She turned her back on me but straightened her spine. “Two and a half months?”

“That’s it.” Was there a possibility that she’d accept this? God knows I wouldn’t have. Had it been Ember, I’d have tied her to a fucking chair to keep her safe, and I was the worst kind of hypocrite for expecting her to let me go.

I could risk my life in a heartbeat, lay everything on the line, but I could never chance her life. In that regard, she was so much stronger than I could ever dream of being. Where I’d give my blood, she gambled something so much more precious—her love. And I was the ungrateful bastard taking it half the way around the world.

“That’s ten weeks. You typically flew five days a week, so that’s fifty days of flying. Countless lives you could save.”

“Yes.”

“Countless chances for you to be killed.” Her head started to shake. “No.
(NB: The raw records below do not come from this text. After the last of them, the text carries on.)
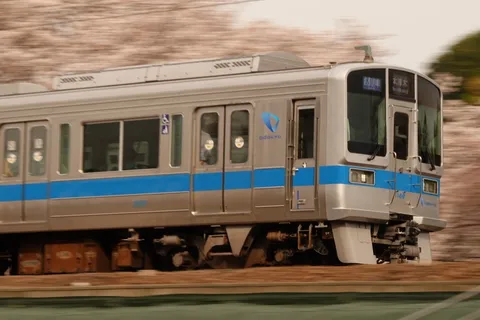 新緑の中を駆け抜ける青帯の車両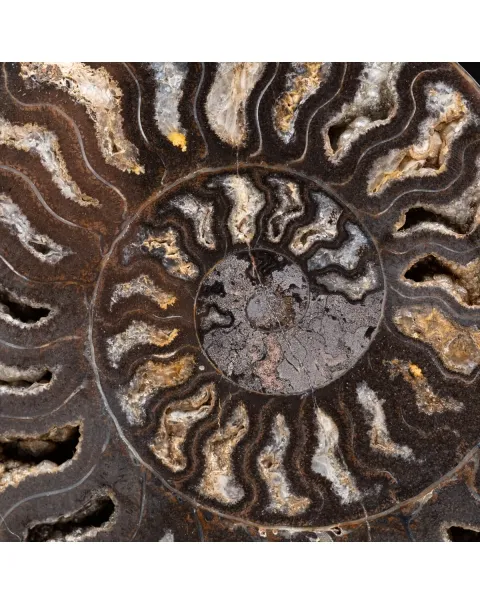 Ammonite Cleoniceras Nera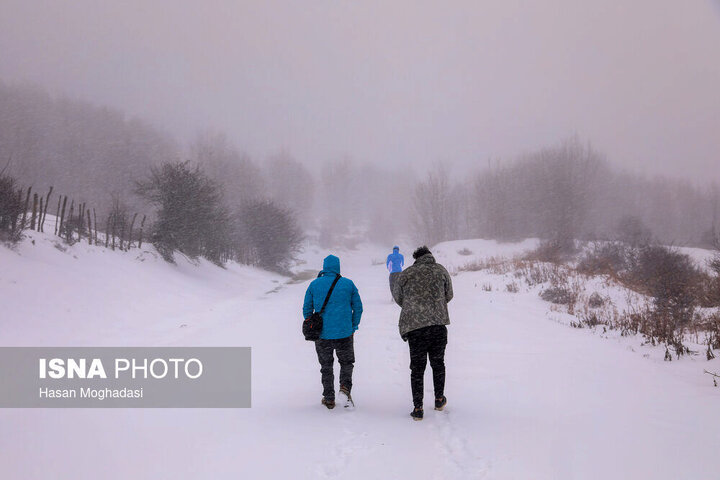 بارش شدید برف در مازندران + زمستان از راه رسید! + عکس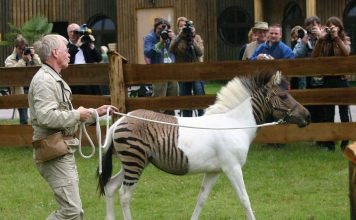 Зеброиды: продукт людской изобретательности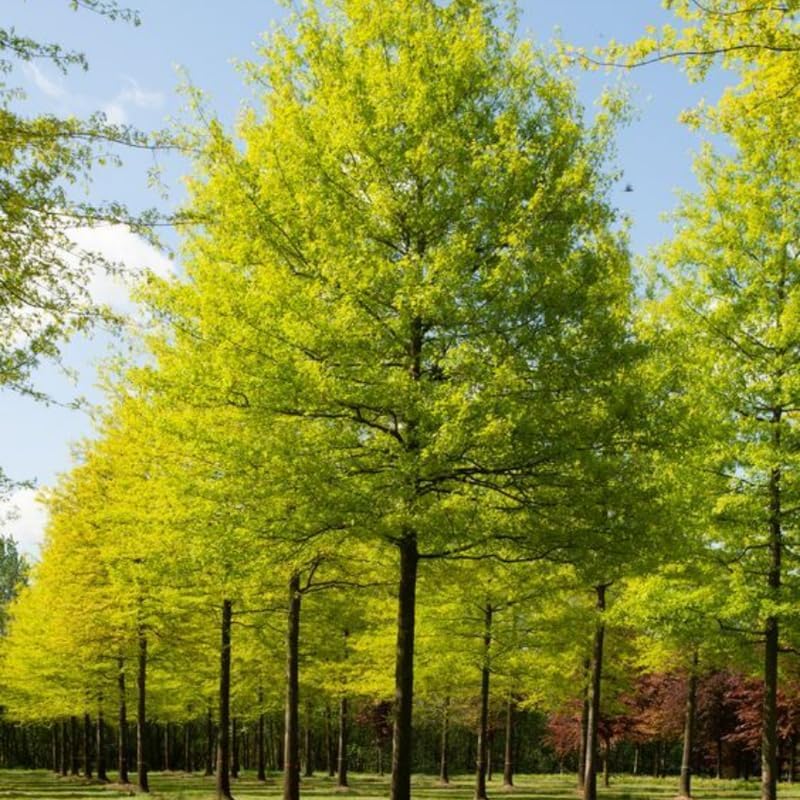 6 Willow Oak Tree Live Plant, Oak Trees Live for Planting 12–18 Inch Tall, Hardy Shade Trees for Gardens, Parks and Property Planting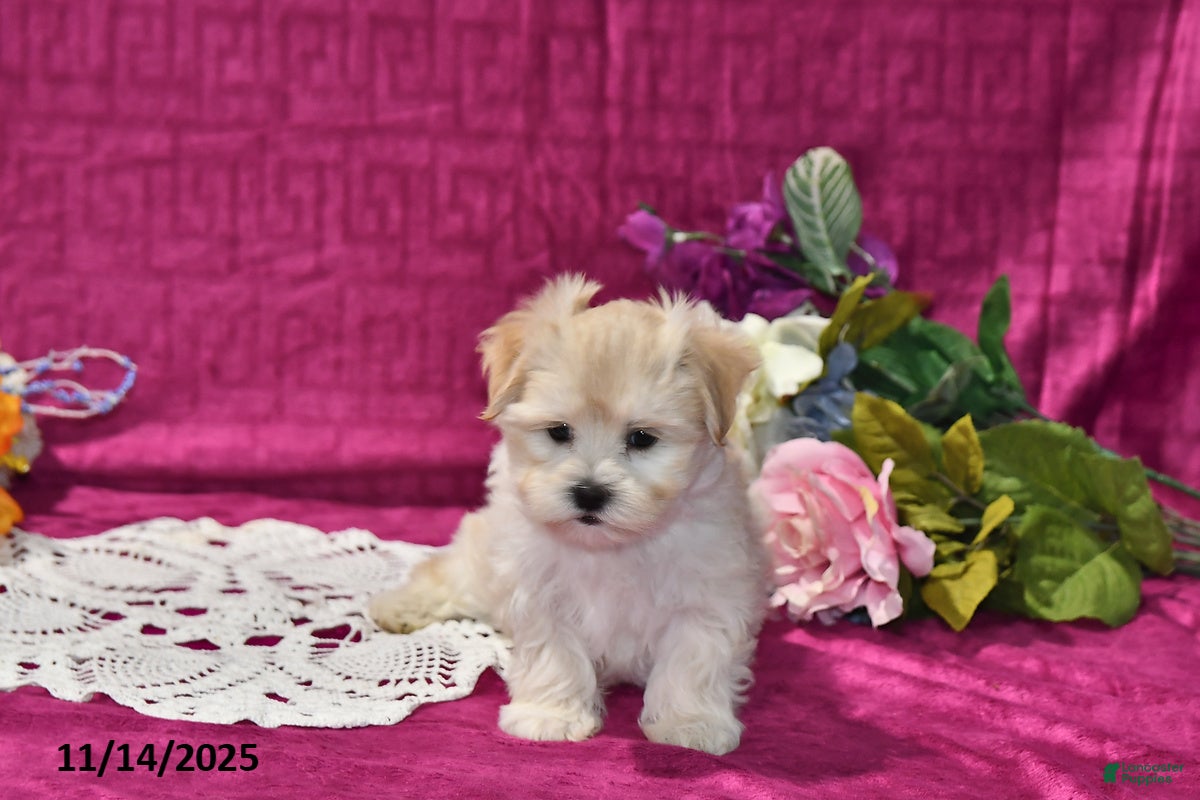 Maltipoo dogs Lily - Ad 38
I can’t. It’s too soon.”

“December—”

“Don’t do this.”

Fuck. My. Life. “Please, don’t ask that.”

She turned toward me, and the sight of her tear-streaked cheeks and reddened eyes destroyed another chink in my armor. “Don’t say good-bye again. I’m begging you.” Her face twisted, and she drew her lower lip between her teeth. “I can survive almost anything, but not another good-bye. Not now.”

“I wouldn’t be the man you loved if I stayed.”

She crumpled, her shoulders sagging as sobs wrecked her. “I don’t care. I don’t care about any of it as long as you’re not dead. I know it’s wrong, and I’m supposed to stand by all proud that you’re such an incredible man, and you are. God, you really are. You have more integrity than anyone I’ve ever known. You’re strong, courageous, selfless, everything an amazing officer should be.” She walked around the island until we stood toe to toe. “And maybe this makes me a wretched person, or even a coward, but Josh, I’m begging you. Choose me. Choose my love over your integrity, just this once. I promise I’ll be ready when the next deployment comes, just…not this one. This one already tried to kill you. I don’t know how to hand you over to it again.”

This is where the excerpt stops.